"Heritage is something we build upon, not hide behind."
A Short History of Liberty of London Fabrics
Shortly after the Liberty shop opened on Regent Street in 1875, Arthur Liberty printed the first of the soon to be famous Liberty Silks. Imported from India, the Mysore silk was dyed in England and then hand-printed with wooden blocks.
Liberty’s imported oriental silks were dyed, printed or woven in Britain and France. The cottons were printed in Scotland, Cumbria and Lancashire. In 1904 Liberty took over a print works that specialised in block-printed silks just up-river from William Morris’ works in Merton. It is because of this print works that the company still has such a large textile archive.

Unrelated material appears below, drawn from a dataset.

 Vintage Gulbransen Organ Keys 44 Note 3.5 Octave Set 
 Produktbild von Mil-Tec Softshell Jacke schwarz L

"Liberty’s greatest triumph in those early days came from a co-operation with Thomas Wardle, the dyers and printers of Leek in Staffordshire, who also worked for William Morris. Between them, Liberty and Wardle introduced dyes which had until then been supposed to be a closely guarded secret of the East…delicate pastel tints which they called ‘Art Colours’, and that became described all over the world as ‘Liberty colours’. Silk in Liberty colours were an influential element in the Aesthetic Movement. Liberty’s windows had white painted fretwork screens, and the silks were draped in front of these in graduated tints. They became one of the sights of Regent Street." Liberty's: a biography of a shop, Alison Adburgham, 1975
Today designers for Liberty still come and visit the archive for inspiration. New patterns are either designed by the in-house Studio or are commissioned from freelance designers. Each spring and autumn season new textile collections are produced to complement the range of classic designs that are not so bound to the seasons. Some of these latter designs, such as Peacock Feather, date back to the 1880s.